A fines del 2013, un tribunal federal de Washington puso en duda la constitucionalidad de las prácticas mostradas por Snowden (juez Richard Leon); las llamó “orwellianas”. El Departamento de Justicia apeló. En enero de 2014, el juez neoyorquino William Pauley sostuvo que el programa de recopilación de metadatos de la NSA –identidad, duración o lugar desde donde se produjeron las comunicaciones– constituía una “medida de contención” adoptada por el gobierno tras los atentados del 11–S para evitar análogos ataques terroristas. La Unión Americana de Libertades Civiles (ACLU) recurrirá la sentencia. Hay una Corte Suprema de los Estados Unidos al final del camino. También existe un “tribunal secreto” llamado “de Supervisión de Inteligencia Extranjera” que se pronunció más de treinta veces a favor de cualquier tipo de intromisión, pero diferimos su análisis para otra entrega (u otra vida).
Mientras todo esto sucede, el Presidente Obama se apresta a reformar “el espionaje para hacerlo más confiable”, y prepara anuncios. Los especialistas juran que la filtración ha llevado a los grupos terroristas a idear métodos que hacen sus comunicaciones más difícilmente interceptables, temen que los 20 mil documentos “snowdenianos” estén siendo manipulados por Rusia y China –temor más que sensato– y se abstienen de opinar sobre la indignación internacional por no ser área de su conocimiento específico. Se especula con que el ordenador cuántico de la NSA en progreso pueda descifrar cualquier contraseña, incluso las de más alta seguridad. La diferencia entre la computación cuántica y la corriente, es que mientras la última usa el sistema binario –ceros y unos–, la primera usa los “bits cuánticos”, que son al mismo tiempo ceros y unos. En tanto las computadoras no cuánticas hacen un cálculo por vez, las cuánticas saltean cálculos innecesarios y hallan lo que buscan más rápidamente. Sin embargo, hay miembros de la comunidad científica que dicen que la NSA no está más cerca del objetivo que ellos. Es difícil que Snowden haya sido capaz de pensar que iba a ser capaz de suscitar celos.

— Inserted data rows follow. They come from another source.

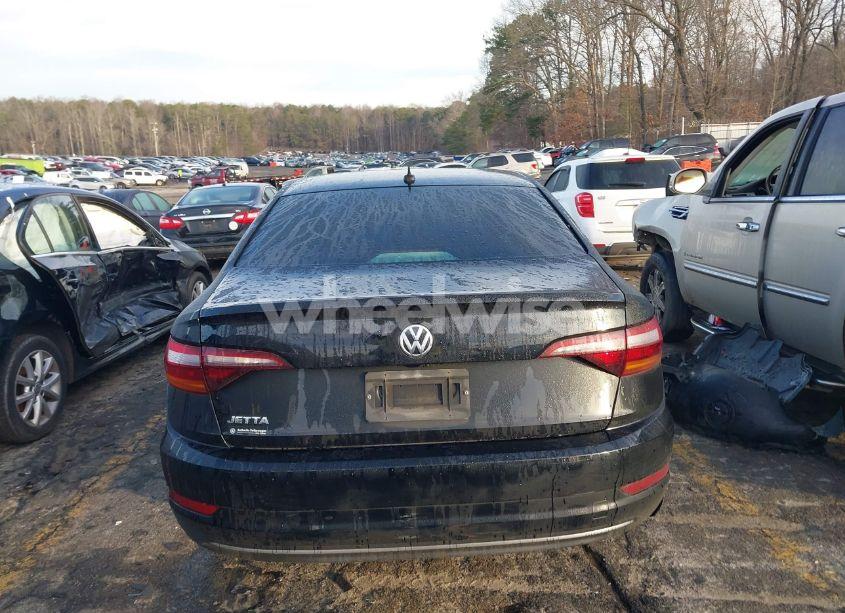 Photo 17 of 2019 Volkswagen Jetta S/SE/R-LINE (VIN 3VWCB7BU2KM246559)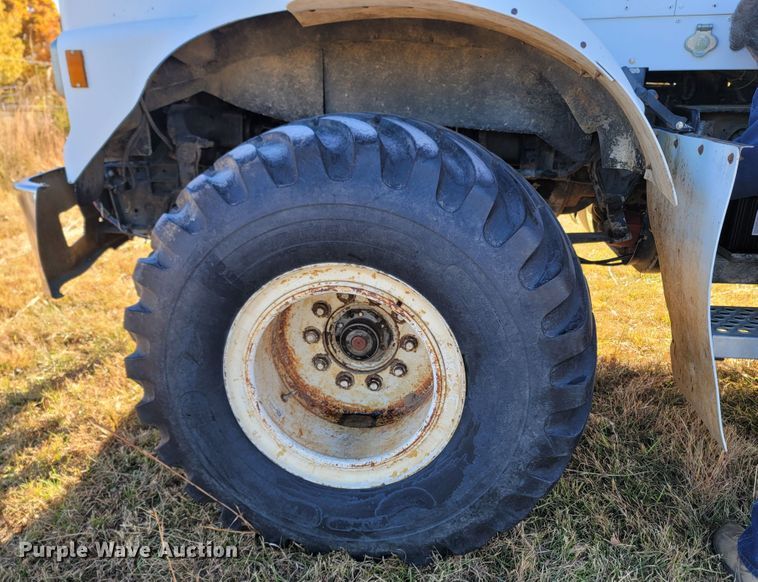 image for item LN9694 1993 Kenworth T800  applicator truck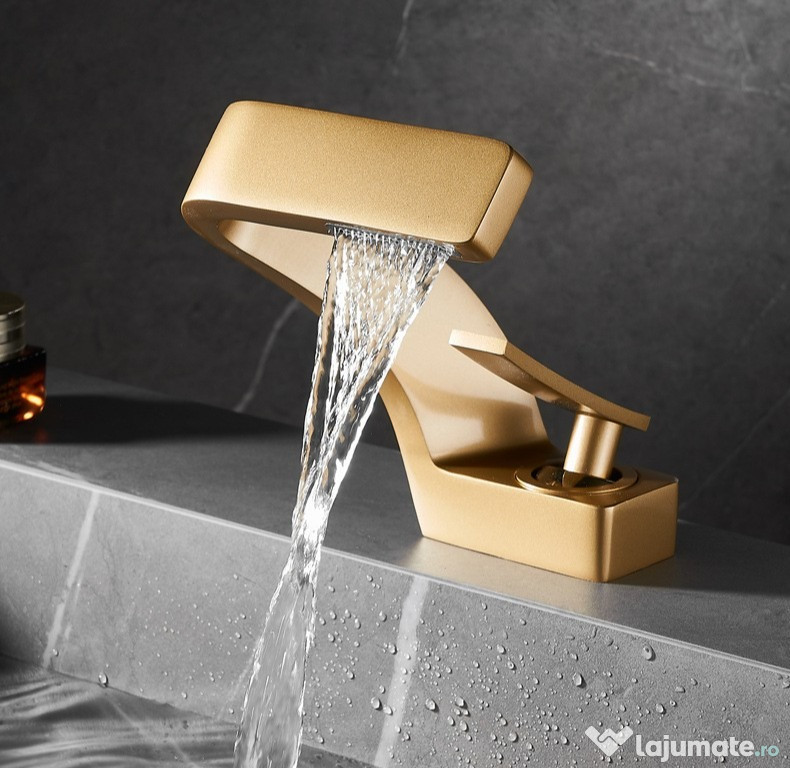 Full copper basin faucet light luxury gold creative waterfall househol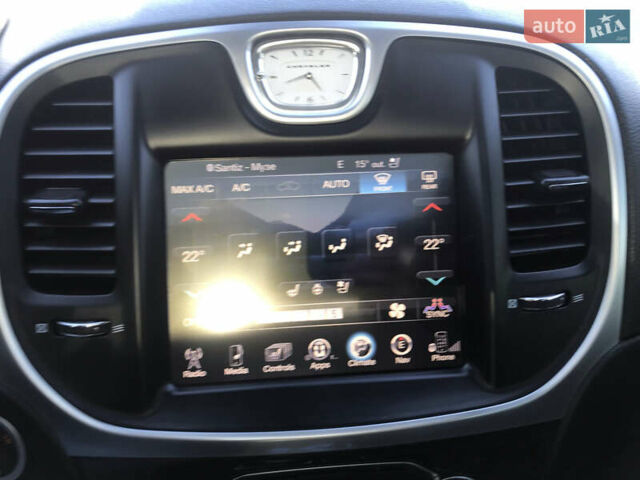Чорний Крайслер 300C, об'ємом двигуна 3.6 л та пробігом 146 тис. км за 16500 $, фото 13 на Automoto.ua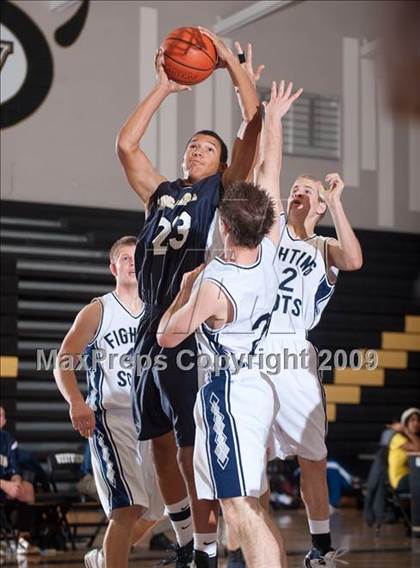 Thumbnail 2 in Rim of the World vs Yucaipa (MaxPreps Holiday Classic) photogallery.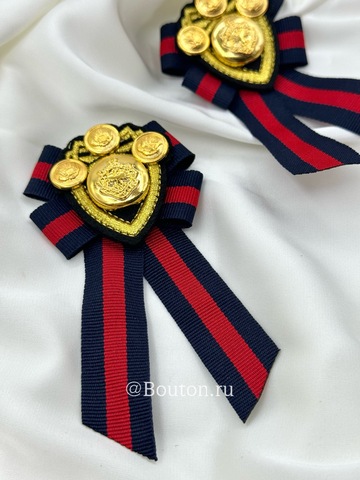 Брошь золотой герб с сине-красной лентой 12х6 см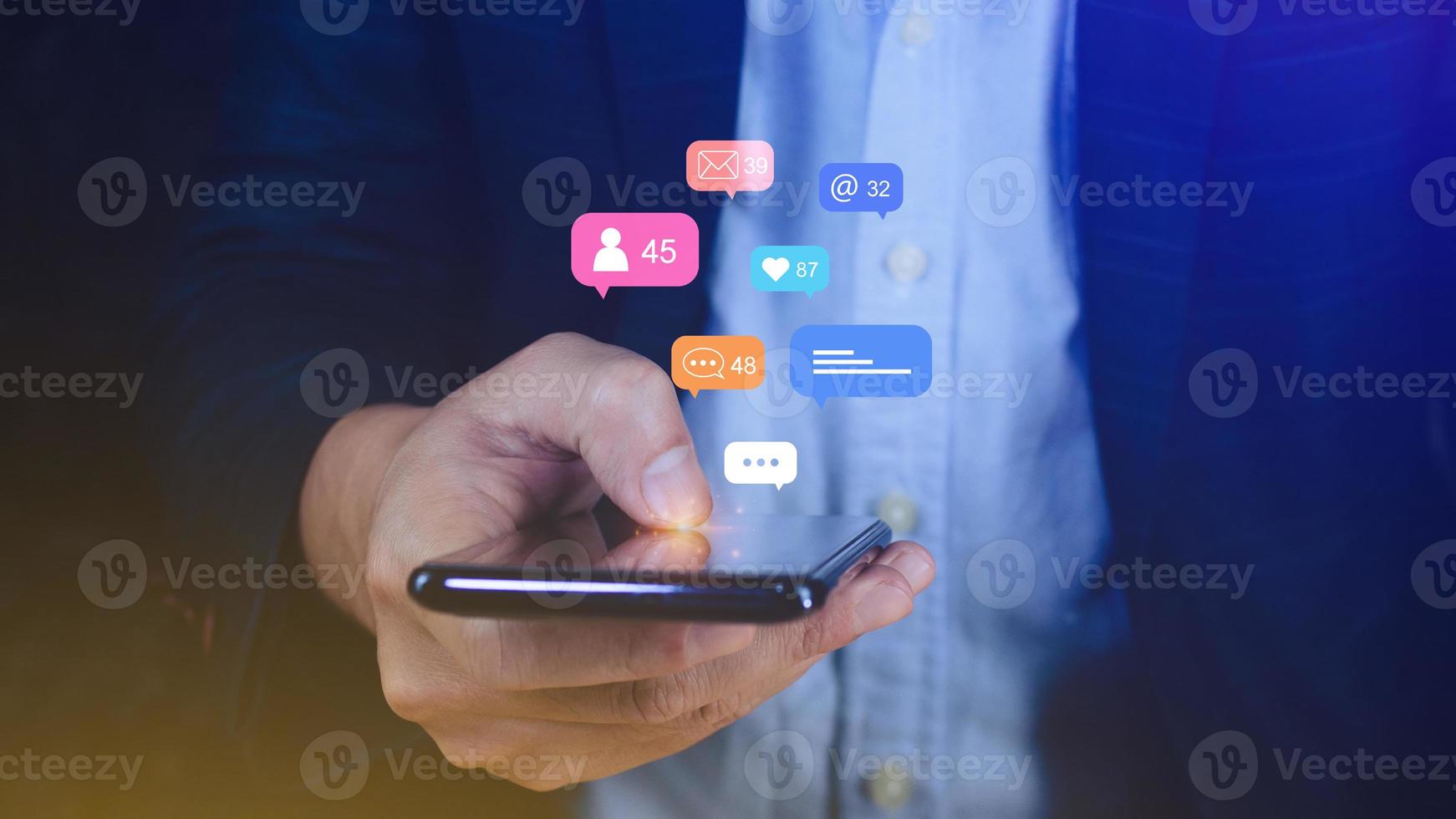 personas utilizando social medios de comunicación y digital en línea márketing conceptos en móvil Los telefonos con íconos tal como notificaciones, mensajes, comentarios en el teléfono inteligente pantalla. foto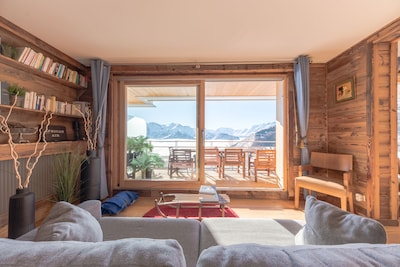 SUPERB APARTMENT. 120M2 - STUNNING VIEW - SKI ON FOOT / UNIQUE APPRT. WITH VIEW 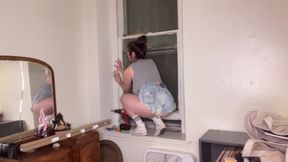 Home Improvement: a Melody Mynx Solo No Make up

Apenas conocido el cataclismo, el Presidente Obama declaró que Snowden había hecho “un daño innecesario a los servicios de inteligencia y a la diplomacia de los Estados Unidos”. Pensando Marie–Jeanne Roland de la Platière camino de la guillotina, musitando ““¡Oh Libertad, cuántos crímenes se cometen en tu nombre!”, nos preguntamos: ¿podría explicarnos a los latinoamericanos, señor Presidente, cuál es su concepto de un “daño necesario”?